#### PROVIDED DATA

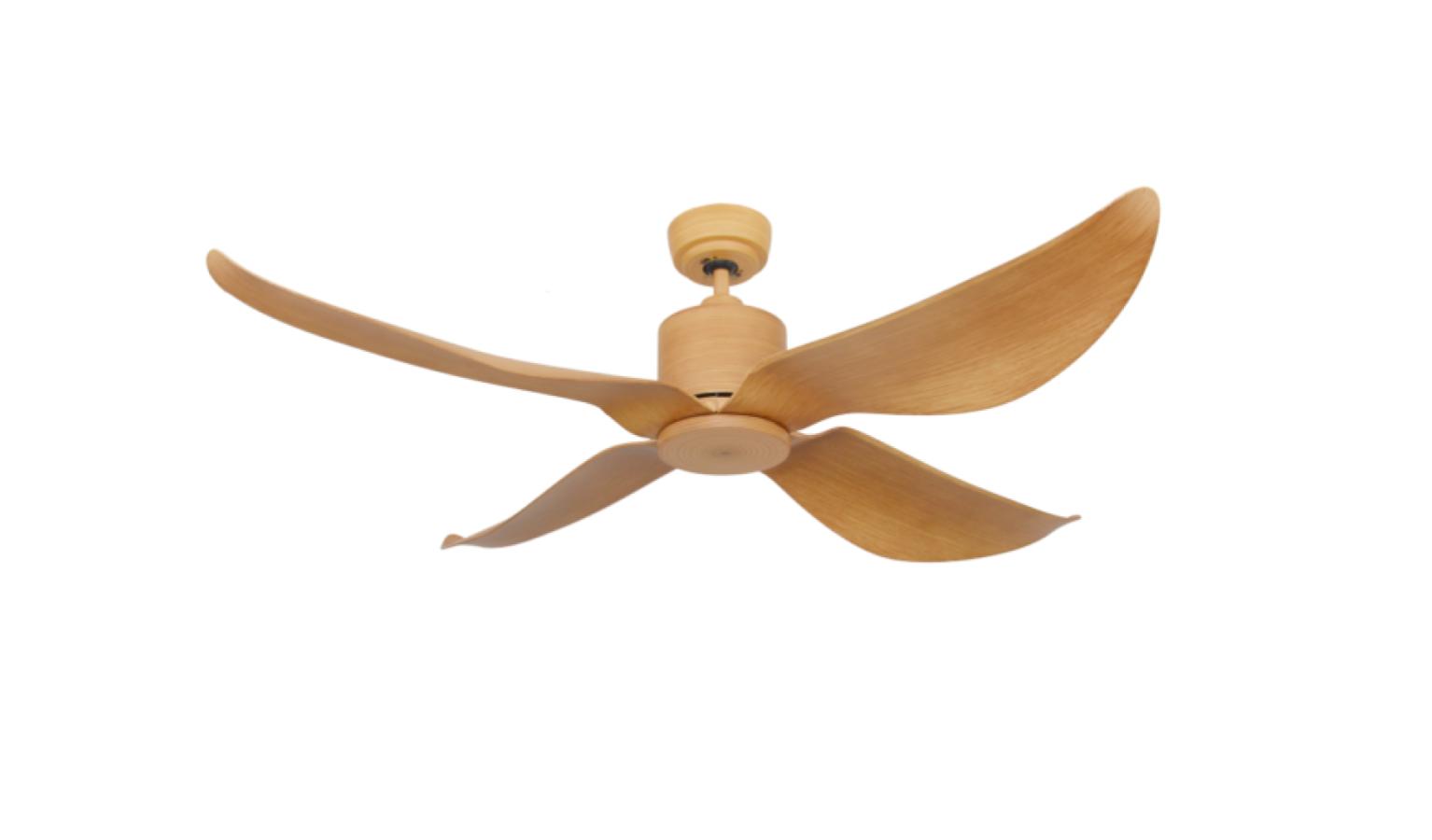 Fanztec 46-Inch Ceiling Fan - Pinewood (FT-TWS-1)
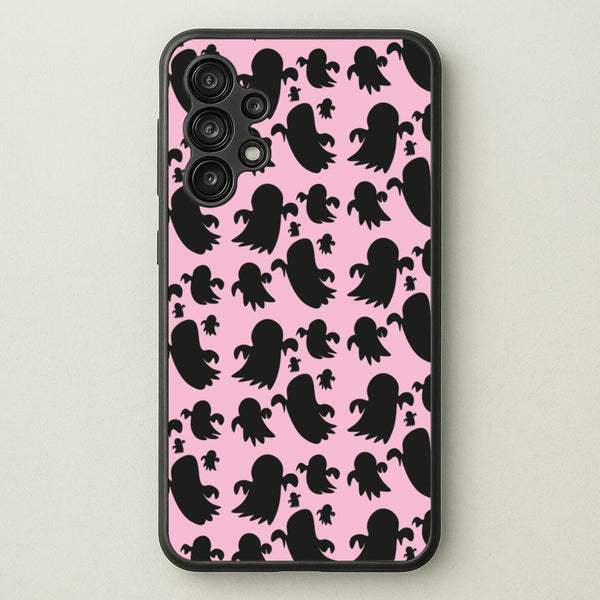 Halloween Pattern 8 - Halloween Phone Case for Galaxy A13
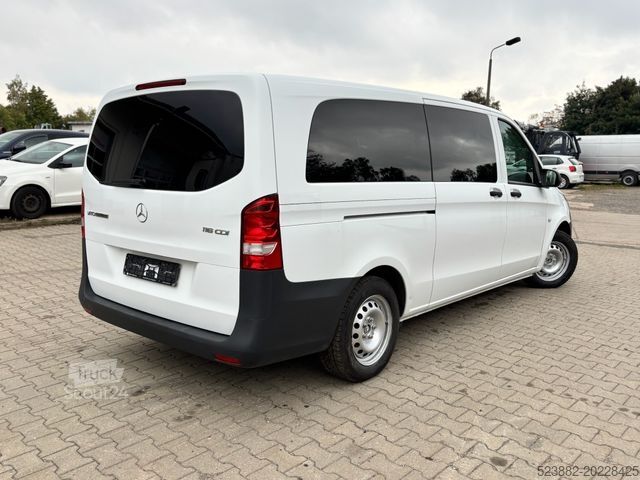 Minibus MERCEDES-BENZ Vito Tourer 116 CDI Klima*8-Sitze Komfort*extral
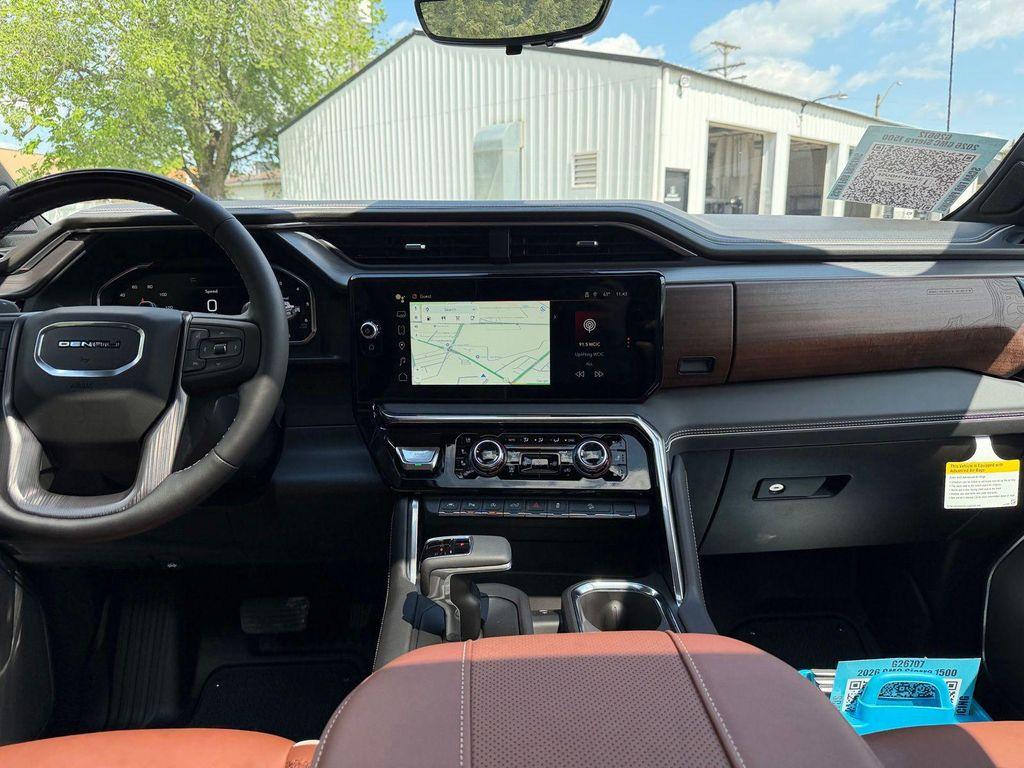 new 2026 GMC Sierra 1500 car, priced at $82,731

########

### WHAT YOU NEED TO DO
Starting at the line that contains "Halloween Pattern 8", retype each line through the final one in the listing, with both ends kept and the pictures omitted.

### SOLUTION BELOW
 Halloween Pattern 8 - Halloween Phone Case for Galaxy A13
 Minibus MERCEDES-BENZ Vito Tourer 116 CDI Klima*8-Sitze Komfort*extral
 new 2026 GMC Sierra 1500 car, priced at $82,731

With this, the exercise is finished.